In an interesting peek behind the scenes of the offering, the Wall Street Journal reports that a string of rumours, suggestions, and decisions involving Morgan Stanley—Facebook's bank—set the stock off in the wrong direction. From the article:
"Less than three days before Facebook Inc.'s initial public offering, Chief Financial Officer David Ebersman decided to boost the number of shares the company would offer investors by 25%, said people familiar with the planning. His main adviser at lead underwriter Morgan Stanley MS assured him there was plenty of demand...
"That decision by the 41-year-old Facebook executive may have doomed any real chance the social-networking company had that its stock would jump on its first day of trading-a hallmark of successful IPOs...

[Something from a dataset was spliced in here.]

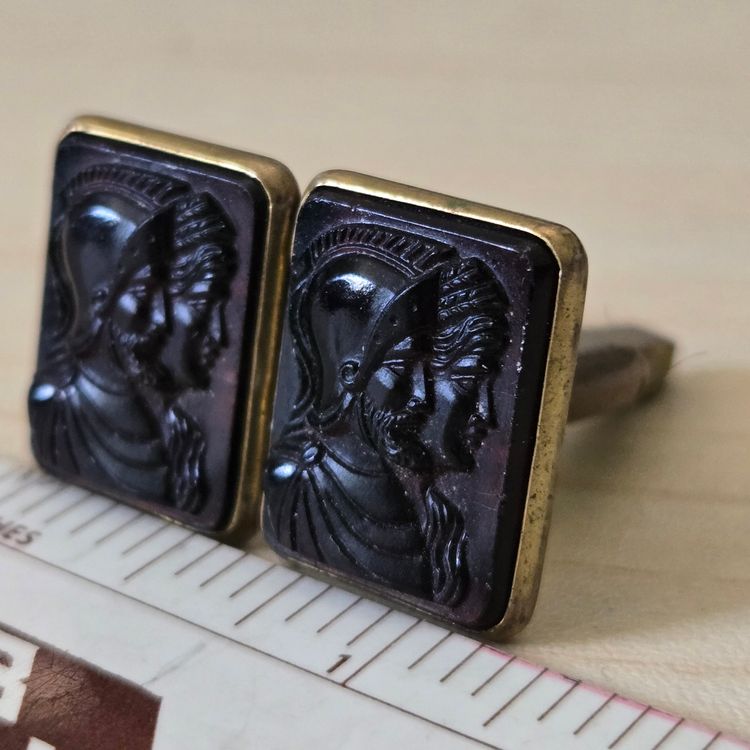 Cuff Links Cameo Faces Relief Male Soldier & Female Dark Glass set in Brass Vintage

"Adding to the tumult on Tuesday was news that analysts at Morgan Stanley... told clients earlier this month that they were reducing their earnings estimates for Facebook following a filing that said the company's ad-sales growth isn't keeping up with expansion of its user base."
According to Business Insider, that communication of reduced earnings estimates only ever made it to larger investors—leaving everyone else without a clue what was happening. All of which, believes the Journal, could "dent the reputation of Morgan Stanley, long considered the marquee bank for technology offerings."